1.5.20240305
Pre-release
Pre-release
Nanopore's flow cells R10.4 have forced our hands and we really needed to adjust to the higher quality reads.
This is a pre-release for which all features have not been tested or finalized, but should work. We've been struggling to find test datasets, and it is time consuming to generate our own.
Things that needed adjusting
- Circlator hated us and failed 80% of the time (or more). We have switched out Circlator with DNAAPLER. This has made life better.

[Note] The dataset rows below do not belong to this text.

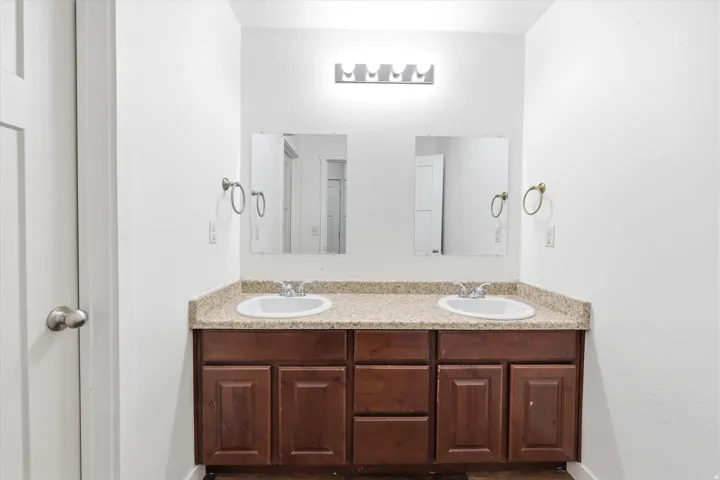 Dual vanity with wood-finish cabinetry, granite-style countertop, and individual mirrors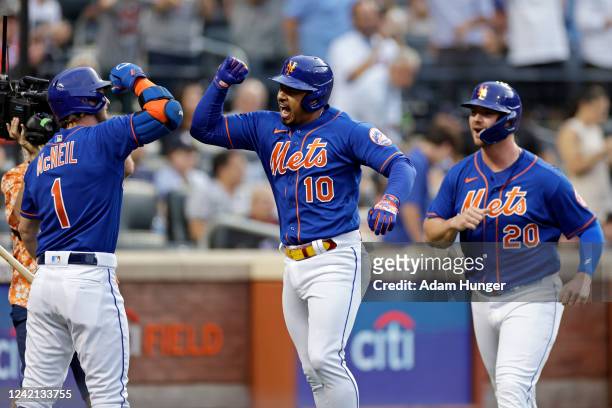 Eduardo Escobar of the New York Mets celebrates with Jeff McNeil of the New York Mets and Pete Alonso of the New York Mets after hitting a 2-run home...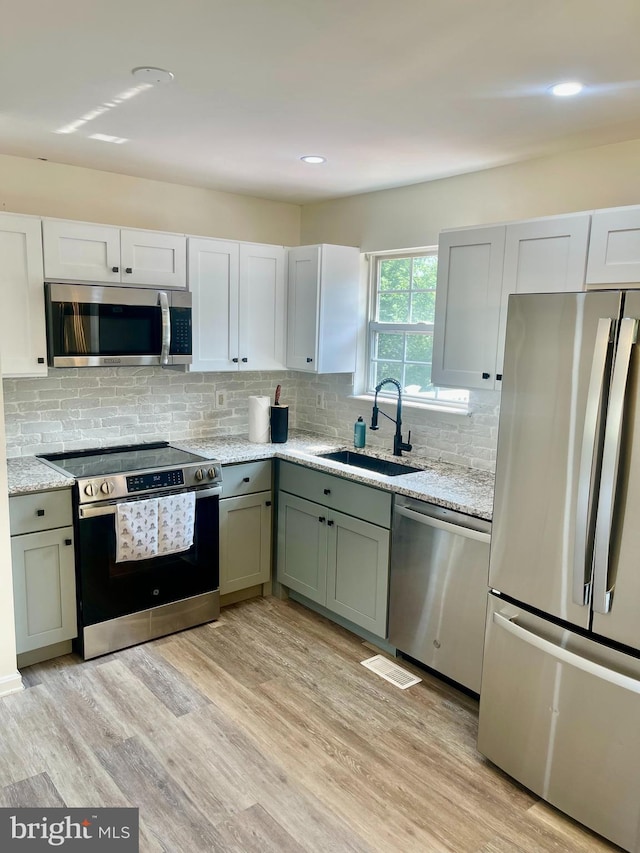 25795 Shamrock Ln, Mechanicsville, MD 20659 - kitchen with appliances with stainless steel finishes, a sink, light wood-type flooring, tasteful backsplash, and light stone countertops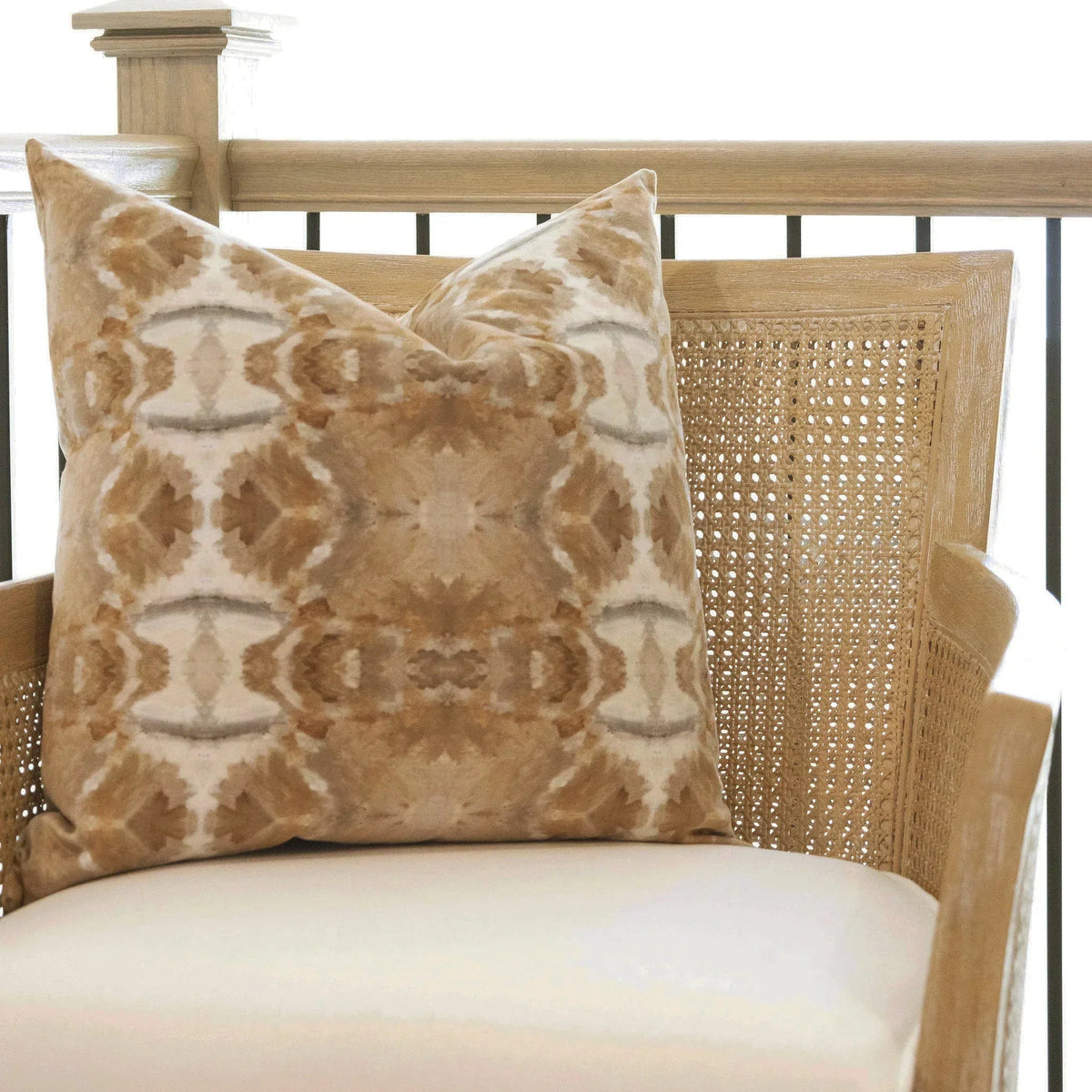 Luxury decorative pillow featuring an organic tree-inspired pattern in warm cognac and neutral tones, styled for a layered modern traditional interior.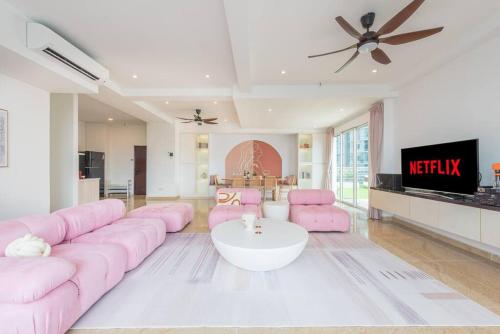 a living room with a pink couch and a tv at Penthouse Hermès in Kuala Lumpur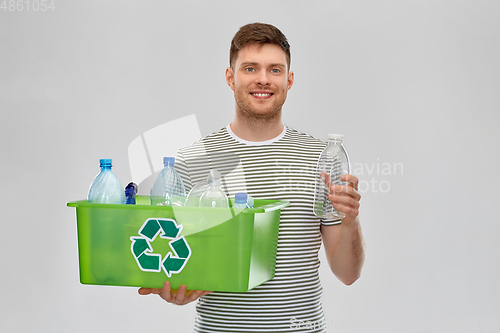 Image of smiling young man sorting plastic waste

- Donut Falls is now a single file. This should make it easier to use as a subworkflow elsewhere (we never did finish the documentation about using git submodules). More information can be found here : https://github.com/UPHL-BioNGS/Donut_Falls/wiki/Linking
- Even though this file does not adhere to the NF-Core template, the labels and basic process template should be compatible with nf-core's config files. They follow a lot of the same logic.
- Filtlong has been replaced with fastp and rasusa. We were noticing irregularities with filtlong (i.e. we would specify coverage, but then not achieve the desired coverage, or we would specify read length but still have too-short reads go through). Fastp is now used as a hard cutoff: nanopore reads must be larger than 1,000 bases and have a quality score greater than Q12 to pass. This should not be a problem for R10.4 runs. Rasusa will then subsample these reads to 150X coverage (based on 5M genome size). We have some example config files for smaller genomes. We recommend on running unicycler on "older" datasets.

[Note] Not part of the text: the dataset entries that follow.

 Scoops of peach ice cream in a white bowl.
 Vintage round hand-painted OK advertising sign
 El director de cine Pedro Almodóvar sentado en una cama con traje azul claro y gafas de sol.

- The tests have changed. Many of the old datasets won't pass the fastp filter.
- Medaka has been reduced down to 1 CPU. We were noticing irregularities with medaka polishing at higher cpu usage.
- Multiple assemblers can be specified at once. We were finding that we needed to run flye and unicycler on most of our samples, so this simplified things for us.
- We needed more QC metrics, specifically we needed coverage estimates on plasmids. It helps tells if they are real or not.
- POLCA has been replaced with pypolca. It seems to perform as well, is faster, and the container is smaller.
We dropped support for the following:
- Trycycler : removing reads that don't conform wasn't best practice and we were getting a proliferation of plasmids.
- Dragonflye : the current version won't run on our local system (likely due to some perl weirdness) and we are wary of supporting options that we can't test.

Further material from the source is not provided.